### What this task involves
Please give back the lines from the line containing "den Laichinger Flugplatz." through the end of the listing below, exactly as written and without pictures.

==== Exercise data ====

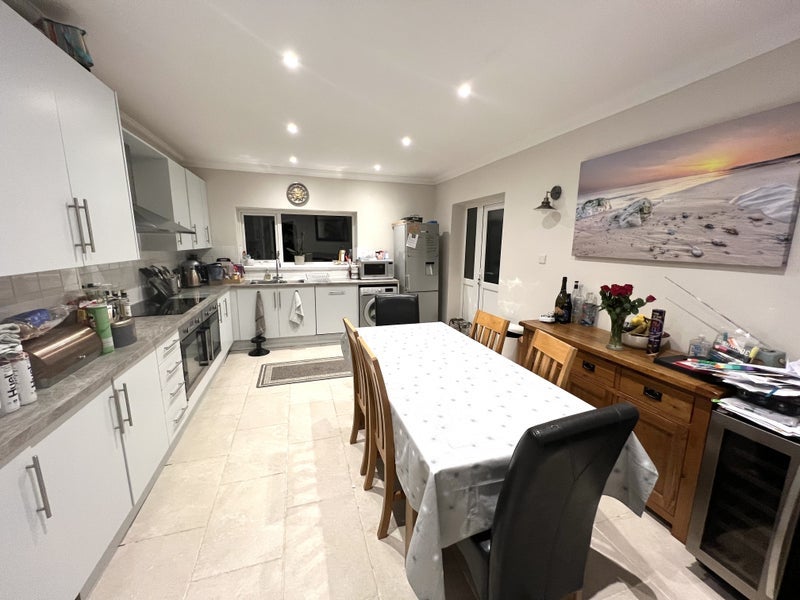 Room Haviland Road East in Bournemouth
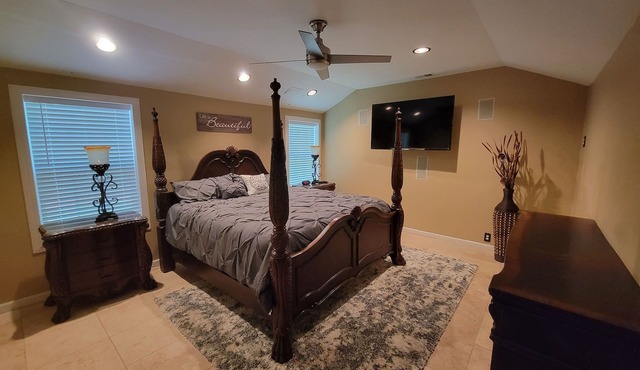 Luxury Executive Villa Retreat-Sleeps 18-20 PPL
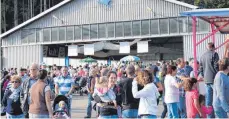  ??  ?? Viele hundert Zuschauer, vor allem am Sonntag, strömten auf den Laichinger Flugplatz.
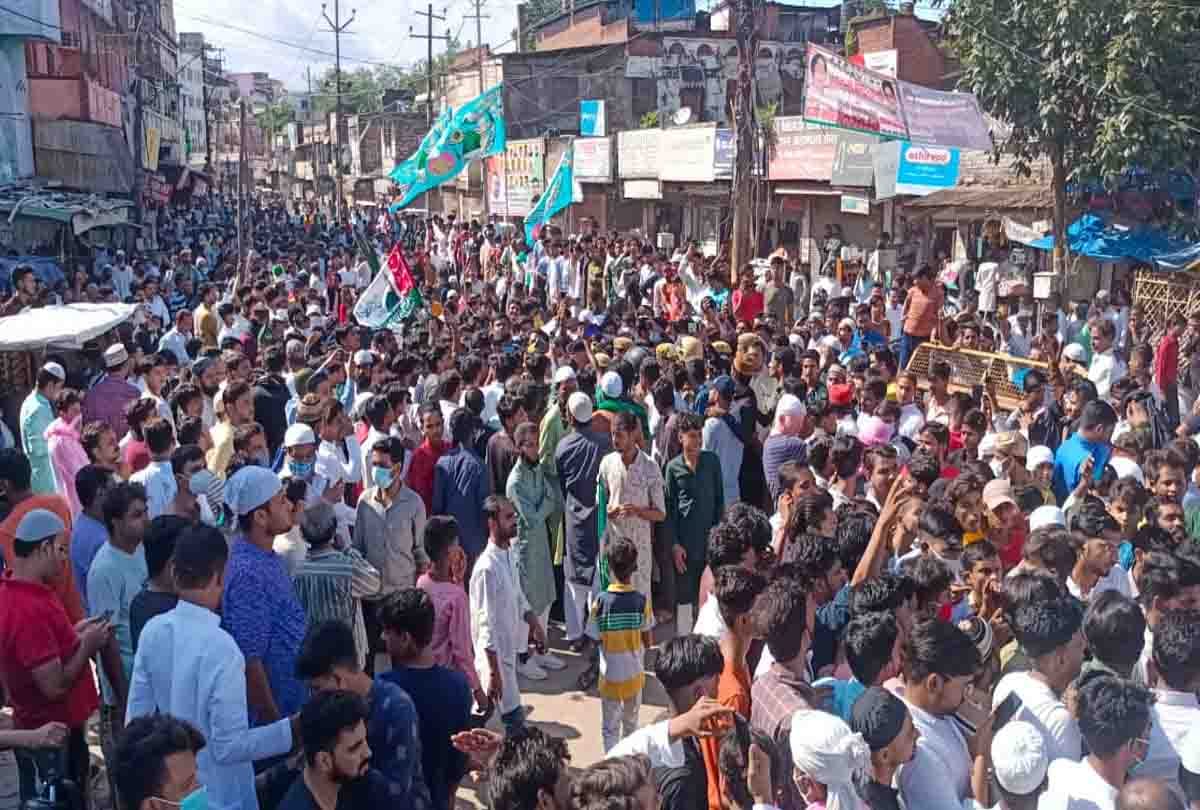 Kanpur: juloos e mohammadi not allowed, thousands of people came on the road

====

### Your response
  ??  ?? Viele hundert Zuschauer, vor allem am Sonntag, strömten auf den Laichinger Flugplatz.
 Kanpur: juloos e mohammadi not allowed, thousands of people came on the road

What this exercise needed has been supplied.